◆ WHAT THIS TASK INVOLVES ◆
Begin at the line containing "Blue Peacock Design" and give again every line to the end of the records, exactly, without the pictures.

◆ Image-text web data ◆
________

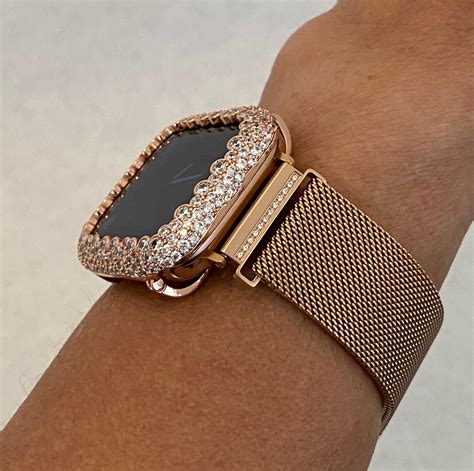 Rose Gold Apple Watch Band 38mm 40mm 42mm 44mm Milanese Loop and or Iwatch Lab Diamond Bezel ...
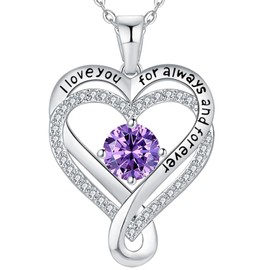 Mkhhy Necklace for Women S925 Infinity Heart Birthstone Silver Women Jewelry Wife Birthday Anniversary for Girlfriend Mom Daughter Grandma Christmas Mothers Day Valentines Day Feburary Amethyst Purple
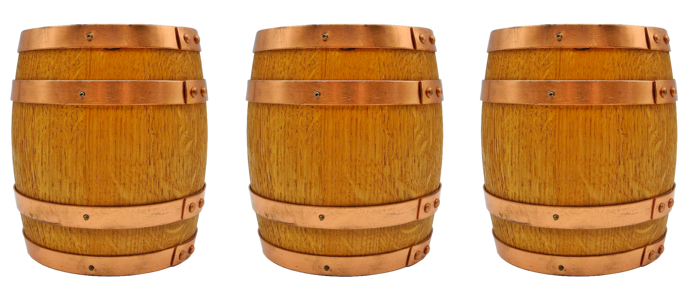 Wine wooden barrels storage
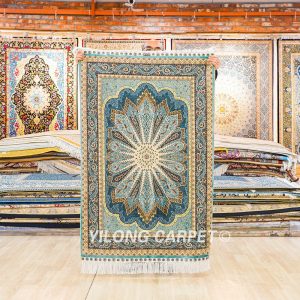 Blue Peacock Design Handmade Silk Small Rug 3x4.5ft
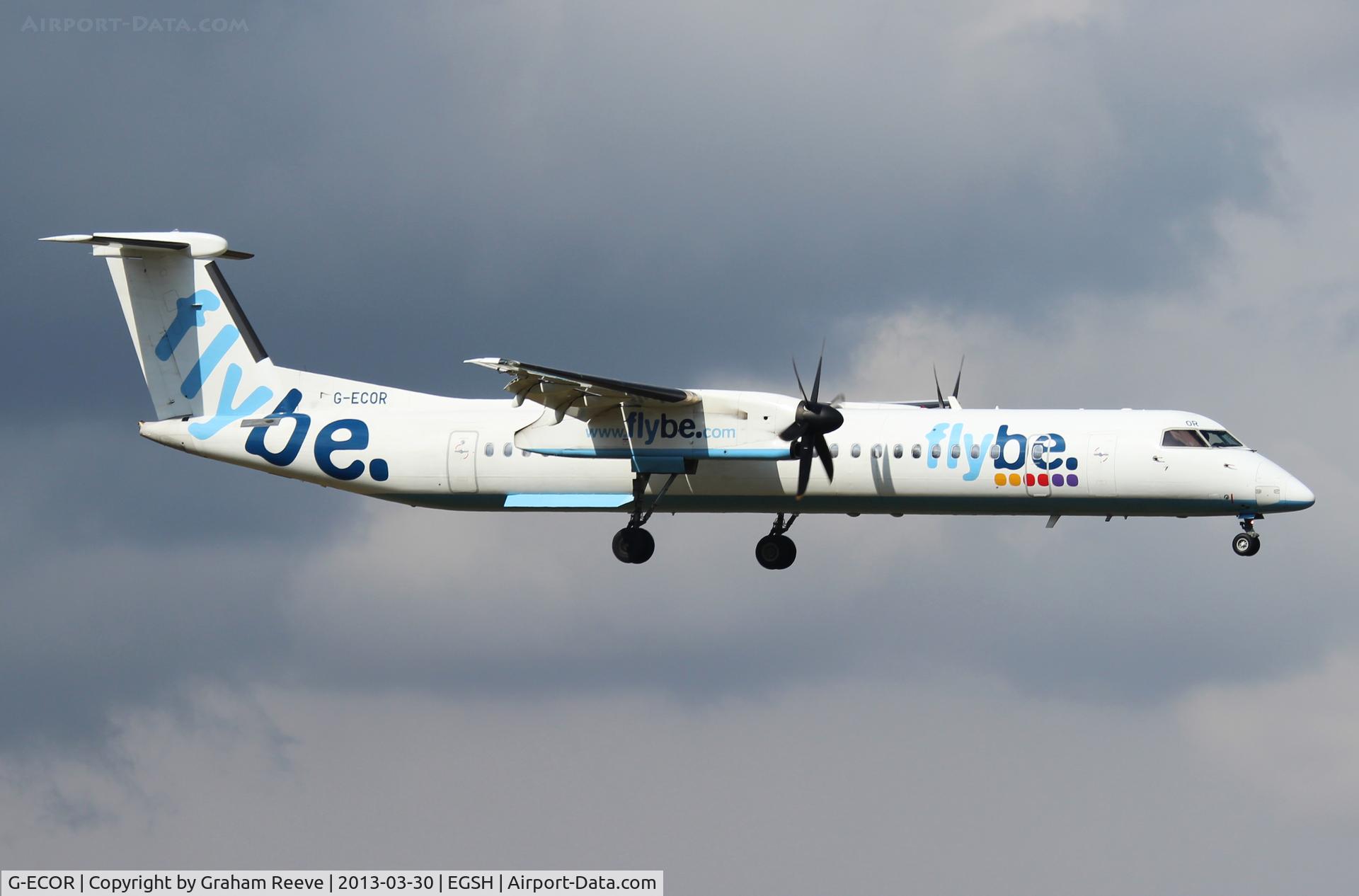 G-ECOR, 2009 De Havilland Canada DHC-8-402Q Dash 8 C/N 4248, About to land at Norwich.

________

◆ ANSWER TO THIS TASK ◆
 Blue Peacock Design Handmade Silk Small Rug 3x4.5ft
 G-ECOR, 2009 De Havilland Canada DHC-8-402Q Dash 8 C/N 4248, About to land at Norwich.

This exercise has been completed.